Methods: Fifty-nine patients were recruited from Emory’s Comprehensive Epilepsy Center and consented to participate in the HOBSCOTCH Georgia Replication trial. Complete data sets were available for 40 patients s. Demographic data and medical history were collected at baseline. Severity of depression, measured through Patient Health Questionnaire-9 (PHQ-9), was measured at baseline and three months (immediately post intervention for the treatment group and preintervention for the waitlist control group). Additional descriptive data was collected during each session by the cognitive coach. Data was collected and stored in the REDCap research database. Statistical analysis was performed using PROC MIXED in SAS 9.4.
Results: 70.4% of patients in the treatment group and 60.7% in the waitlist control group reported symptoms of depression at baseline (Table 1). Interventions performed by the study staff included (1) problem-solving therapy (PST) with cognitive coaches which was performed in 41.7% of all patients due to symptoms of depression significant enough to impede their ability to focus on memory during the cognitive therapy program, (2) a brief suicide safety assessment provided by the study physician in the 25.0% of all patients who were thought to be potentially at risk for acute suicidality, none of whom ultimately required immediate medical assistance, and (3) providing mental health resources in 5.6% of all patients. For the severity of depression (PHQ-9) score, the interaction of treatment over time was not significant for the group as a whole (p = 0.30) or for patients with reported symptoms of depression. (p= 0.33)

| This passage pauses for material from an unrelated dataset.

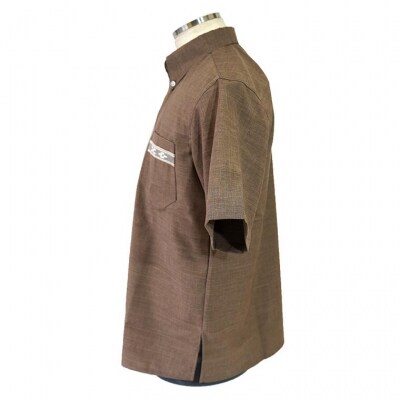 みんさウェア ボタンダウン(ココア) 男性用 LLサイズ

Conclusions: The HOBSCOTCH cognitive therapy program, though not the program’s primary purpose, can provide an opportunity to detect symptoms of depression and suicidality. However, in this population, neither brief intervention (PST, safety checks or providing resources) nor the program itself were sufficient to improve depression scores. More targeted and/or longer-term interventions for mental health are likely needed.
Funding: Centers for Disease Control and Prevention U48 DP006377-04-00.